_TASK REQUIREMENTS_
Beginning with the first line below, retype exactly each line through the one containing "Assistant General Manager Jobs Description". Leave out all pictures.

_Stored items from a collection_
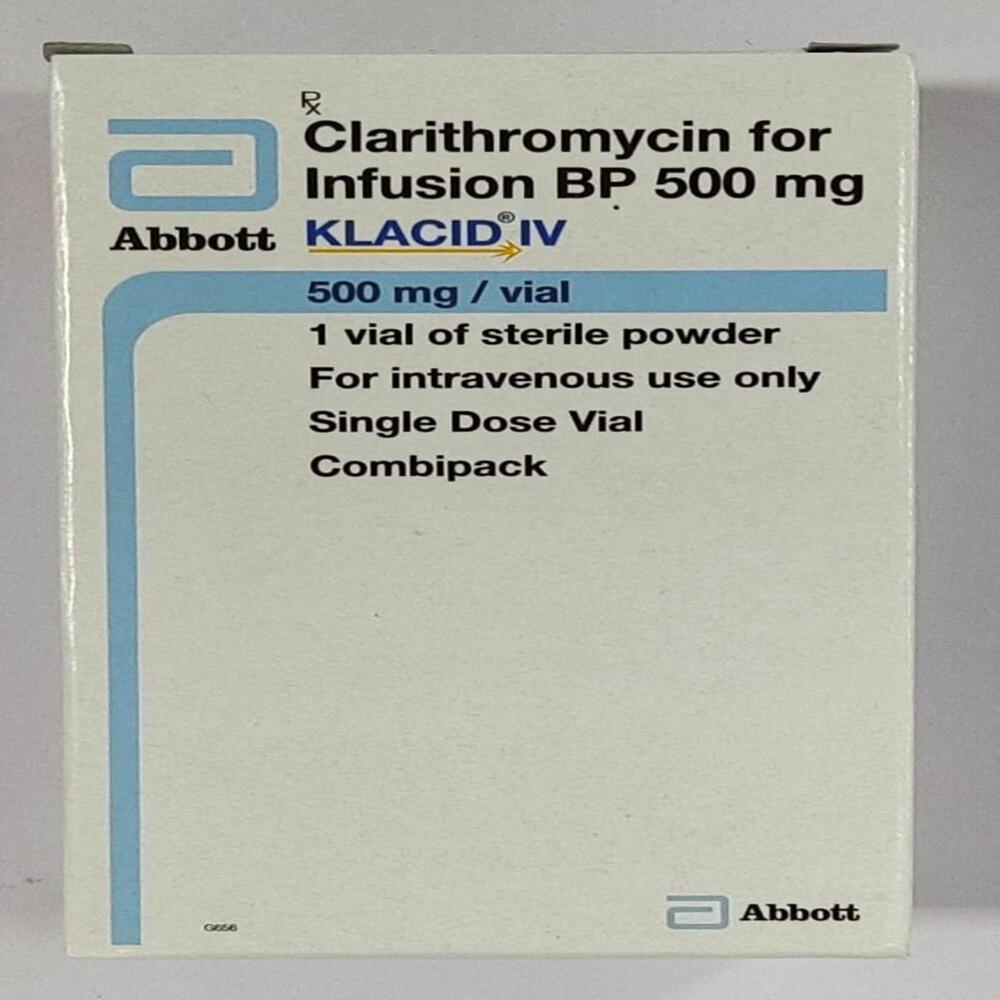 Klacid IV Clarithromycin Injection 500MG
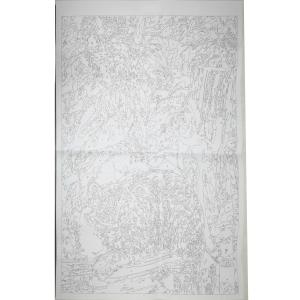 数字塗り絵 筆 絵の具 フレームなし セット ...の詳細画像4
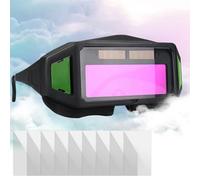 SUNJULY Gafas de Trabajo y Soldadura con Oscurecimiento Automático, Energía Solar, Máscara Antisuor y Anti-Vaho para WIG MIG MMA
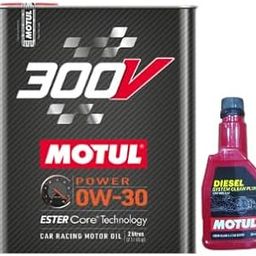 Motul 300V Power 0W30 Ester core Technology Car Racing Motul Oil 2L with Diesel System Clean Plus (200ml) Combos-image-55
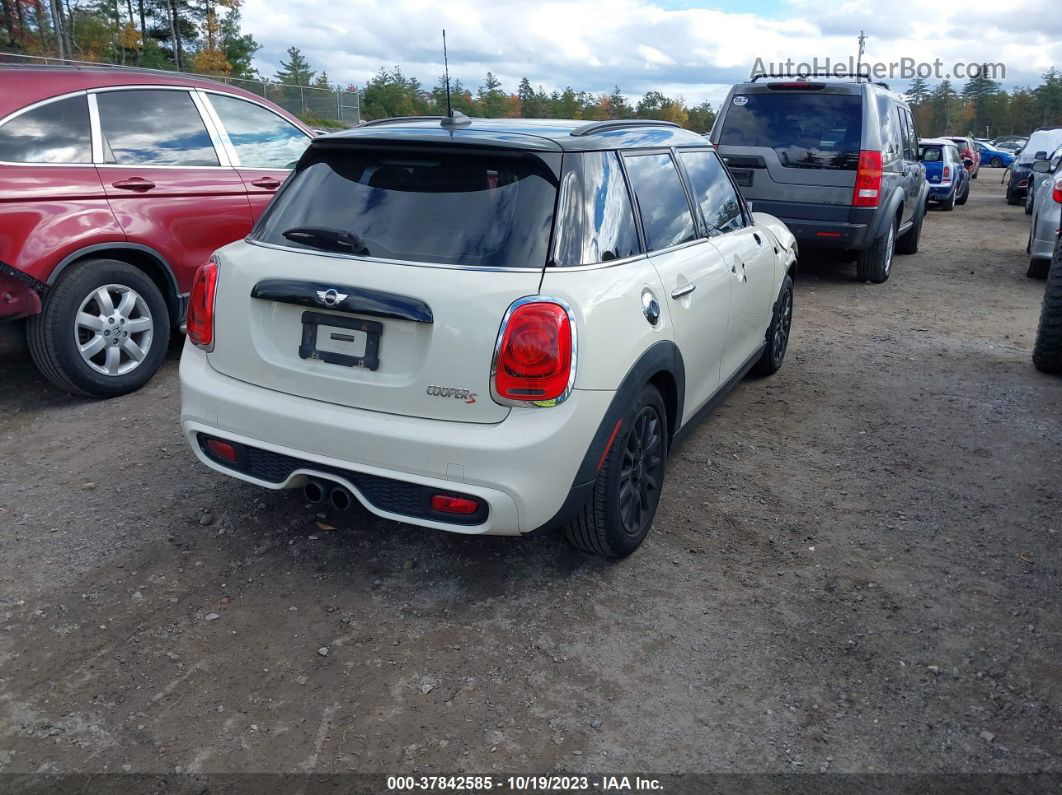 2015 Mini Cooper Hardtop 4 Door S White vin: WMWXU3C51F2B57318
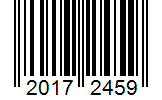 Barcode 20172459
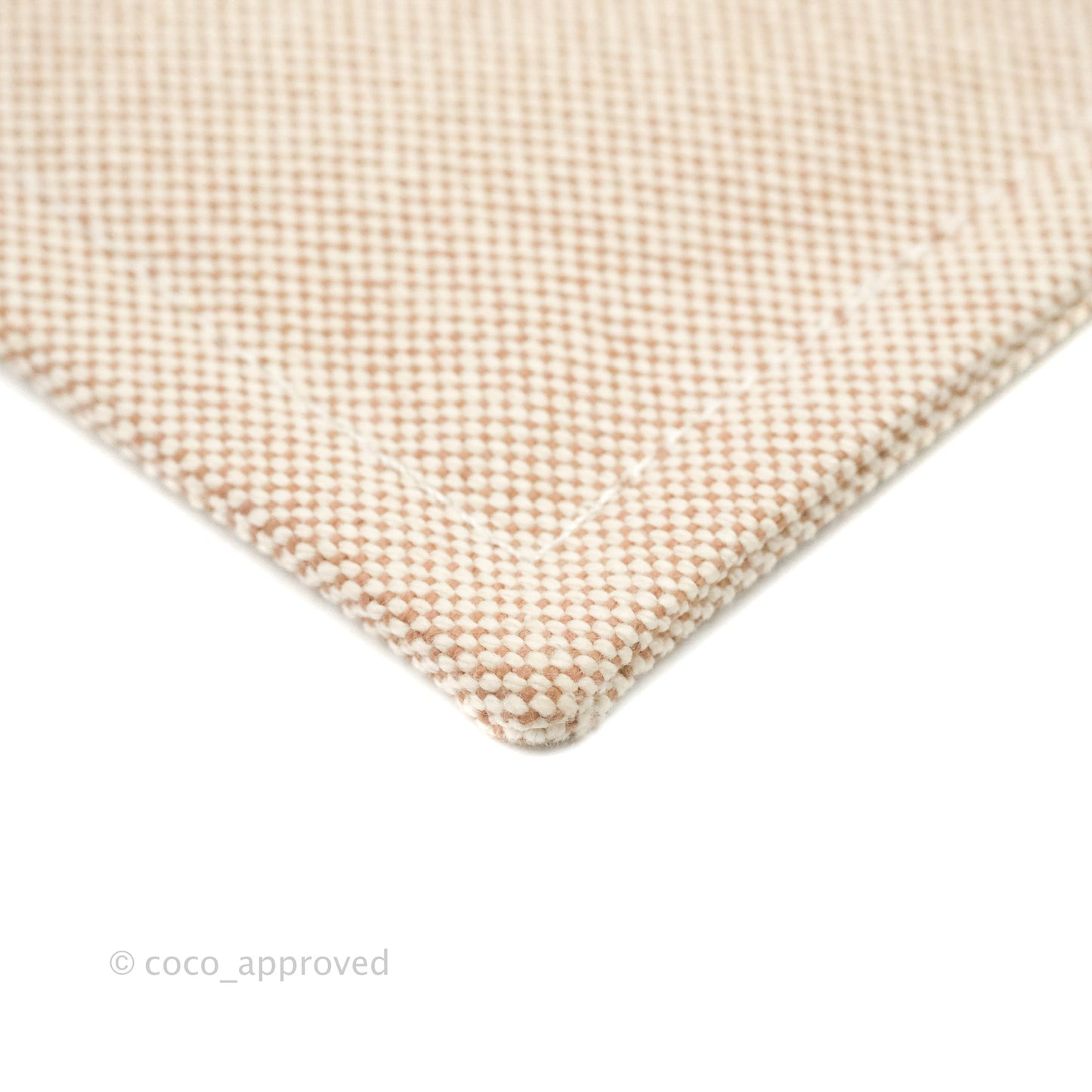 Hermès Small Bain New Yachting Pouch Cotton Pink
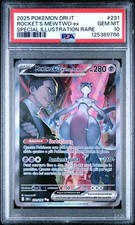 Pokemon Mewtwo Ex del Team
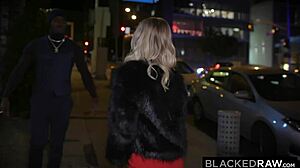 Blonde Dumps White BF for Blackedraw Monster BBC Pounding Doggystyle Cowgirl Facial Finish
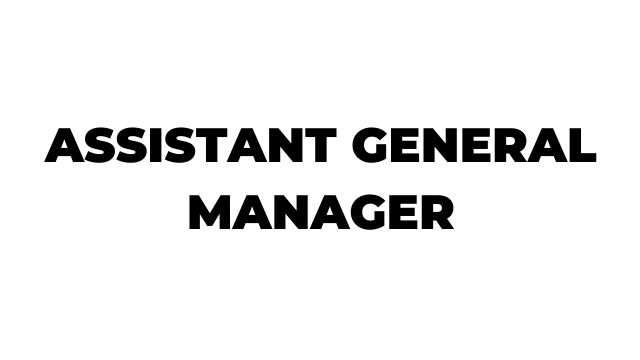 Assistant General Manager Jobs Description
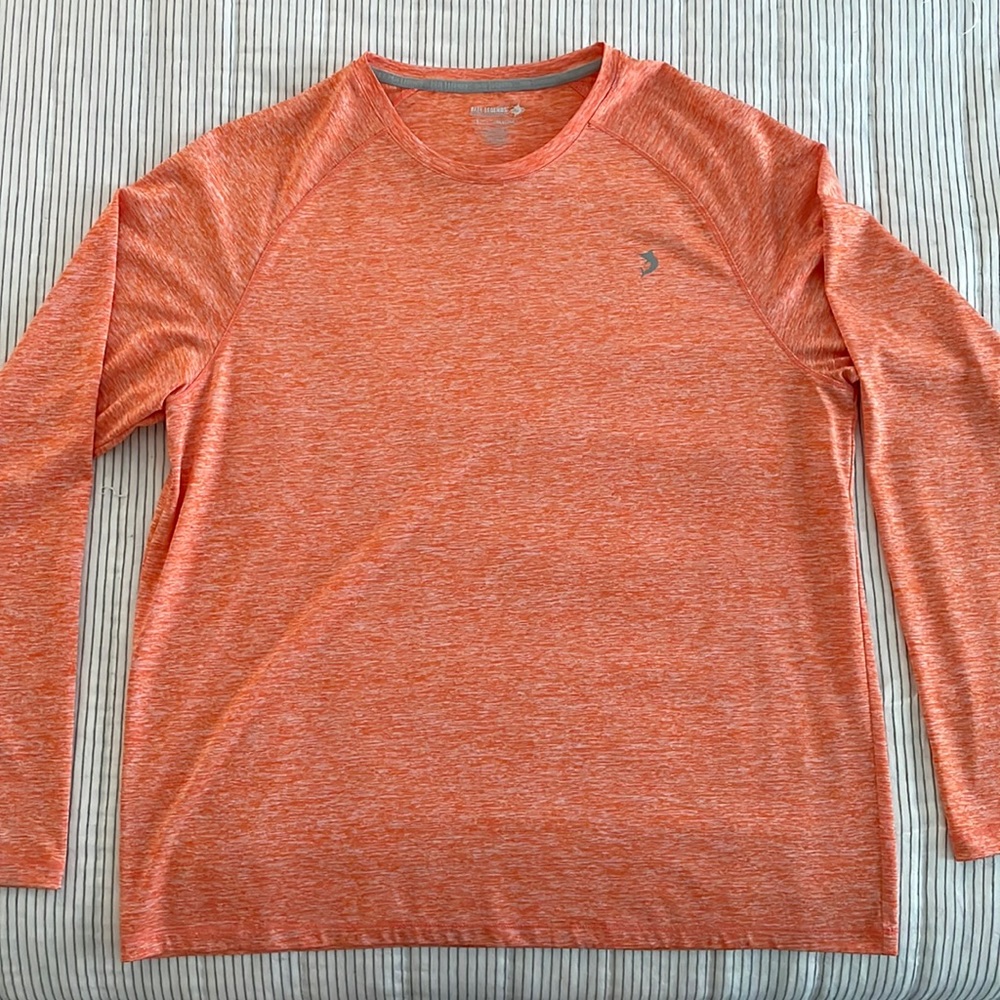 Orange Reel Legend Long Sleeve Sweat Wicking Shirt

_SOLUTION BELOW_
 Klacid IV Clarithromycin Injection 500MG
 数字塗り絵 筆 絵の具 フレームなし セット ...の詳細画像4
 SUNJULY Gafas de Trabajo y Soldadura con Oscurecimiento Automático, Energía Solar, Máscara Antisuor y Anti-Vaho para WIG MIG MMA
 Motul 300V Power 0W30 Ester core Technology Car Racing Motul Oil 2L with Diesel System Clean Plus (200ml) Combos-image-55
 2015 Mini Cooper Hardtop 4 Door S White vin: WMWXU3C51F2B57318
 Barcode 20172459
 Hermès Small Bain New Yachting Pouch Cotton Pink
 Pokemon Mewtwo Ex del Team
 Blonde Dumps White BF for Blackedraw Monster BBC Pounding Doggystyle Cowgirl Facial Finish
 Assistant General Manager Jobs Description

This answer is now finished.